By Marcus Franklin
This photo essay is part of Life Cycles of Inequity: A Colorlines Series on Black Men. In this installment, we explore and challenge the notion that black families face a crisis of fatherhood. The installment includes a dispatch from Baltimore, in which four dads challenge the easy assumption that all children of unwed mothers have absent fathers.
In June of 2013 I started photographing black men and their children and created The Fatherhood Project, the online home for photos that capture them in ordinary moments. A single dad helping his daughter with math homework during a break at work. A dad teaching his daughter how to walk as they wait to see a doctor. A father and son chilling on a stoop.
Why photograph black men and their children? What’s extraordinary about these subjects?

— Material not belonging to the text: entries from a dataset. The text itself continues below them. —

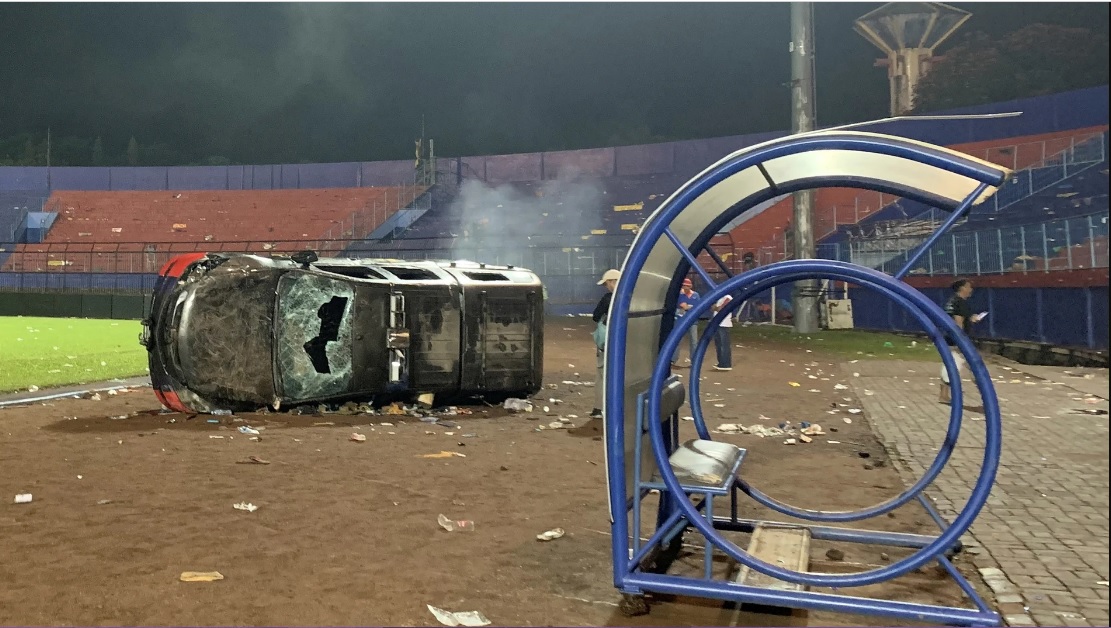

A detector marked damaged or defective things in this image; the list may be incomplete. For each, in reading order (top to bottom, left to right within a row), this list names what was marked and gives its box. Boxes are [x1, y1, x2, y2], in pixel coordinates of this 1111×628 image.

smashed window [276, 272, 354, 400]
burned car [141, 250, 544, 412]
overturned vehicle [141, 253, 548, 414]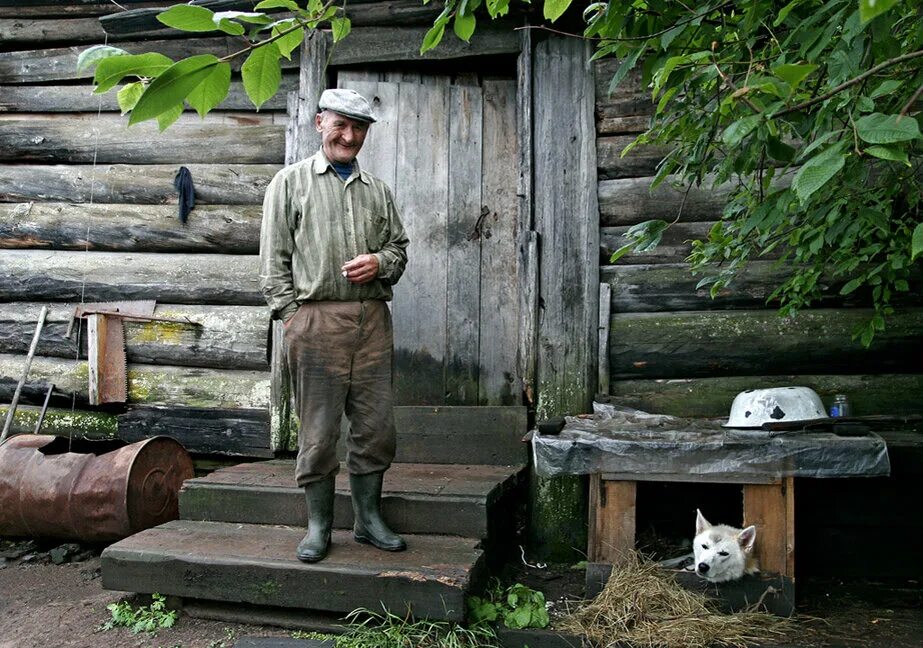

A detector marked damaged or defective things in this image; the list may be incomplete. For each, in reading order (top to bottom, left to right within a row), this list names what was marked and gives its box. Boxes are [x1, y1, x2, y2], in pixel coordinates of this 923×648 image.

rusted metal sheet [0, 436, 193, 540]
rusty barrel [0, 436, 195, 540]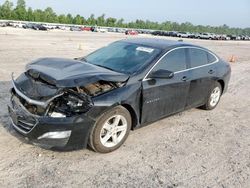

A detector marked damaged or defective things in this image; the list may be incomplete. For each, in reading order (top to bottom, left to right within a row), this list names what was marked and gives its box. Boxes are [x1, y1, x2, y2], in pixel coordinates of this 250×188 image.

crumpled hood [26, 57, 130, 87]
detached front bumper [7, 94, 95, 151]
damaged front end [8, 70, 126, 150]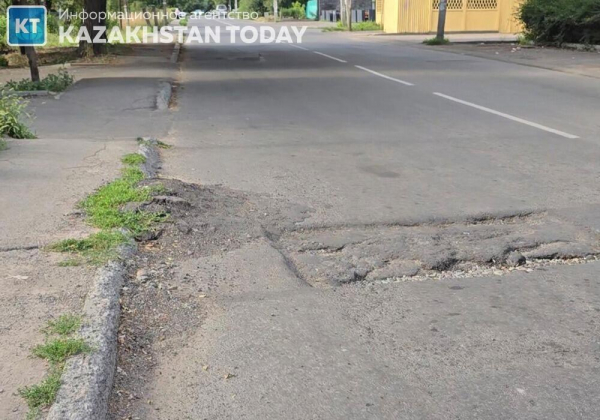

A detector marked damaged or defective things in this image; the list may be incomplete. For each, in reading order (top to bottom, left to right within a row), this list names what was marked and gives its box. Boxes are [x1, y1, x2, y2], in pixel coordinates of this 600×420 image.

cracked asphalt [110, 18, 600, 420]
damaged road surface [110, 18, 600, 420]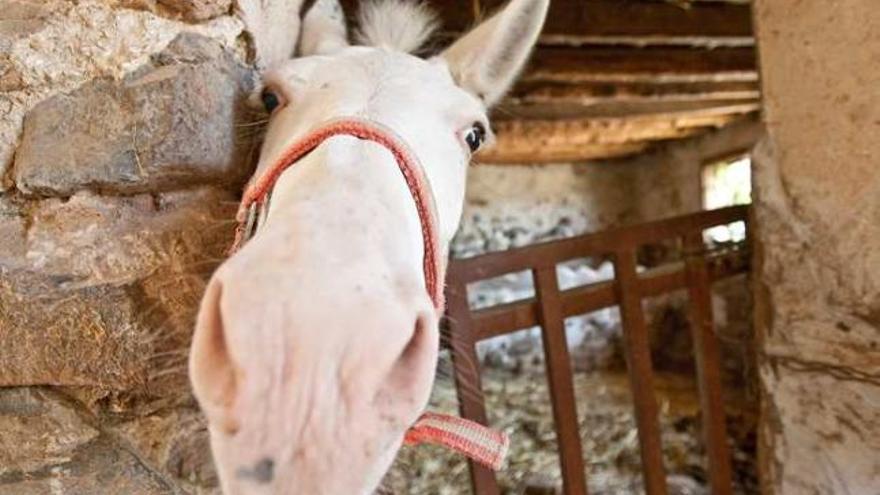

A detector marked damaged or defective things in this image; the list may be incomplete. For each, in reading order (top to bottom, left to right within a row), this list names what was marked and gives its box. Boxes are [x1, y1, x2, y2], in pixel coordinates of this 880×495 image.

rusty metal gate [440, 205, 748, 495]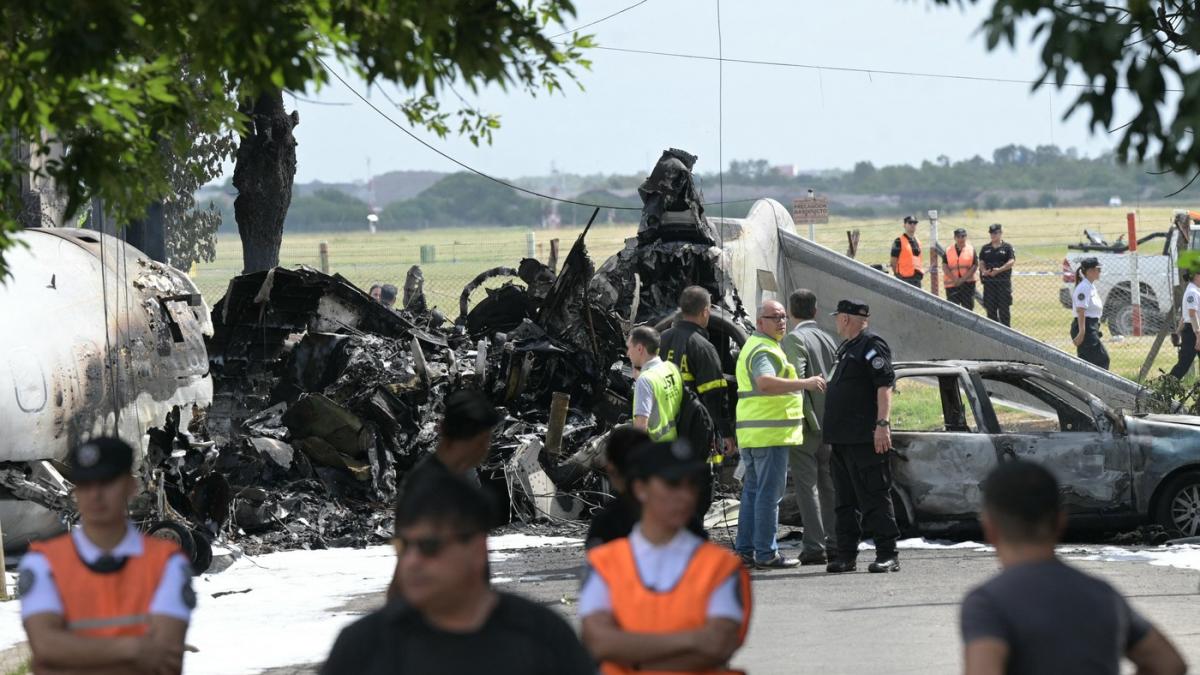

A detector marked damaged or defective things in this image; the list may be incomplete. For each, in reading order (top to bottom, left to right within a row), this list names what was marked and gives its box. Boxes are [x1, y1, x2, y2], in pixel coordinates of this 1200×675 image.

burned aircraft wreckage [0, 151, 752, 568]
burned vehicle [884, 362, 1200, 536]
burned car [884, 360, 1200, 540]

For starters, black men taking care of our children is, on some level, revolutionary—and a form of resistance to the legacies of laws and other tools used to hinder our ability to parent. During the trans-Atlantic slave trade, for example, fathers were routinely separated from their children as family members were sold. And currently, disproportionately and consistently high incarceration and unemployment rates for black men have made it difficult, if not impossible for many to parent. There’s also the disproportionately high rate of homicide among black men, whether by people in their own communities or at the hands of the state. My own father was murdered by a cop a couple of weeks before my 15th birthday.
As New York Times writer Brent Staples asked in a tweet this past Fathers’ Day: “Imagine yourself jailed on a low-level Rockefeller-era drug charge. Now a felon: denied a job, housing and the vote. How would you ‘Father’”?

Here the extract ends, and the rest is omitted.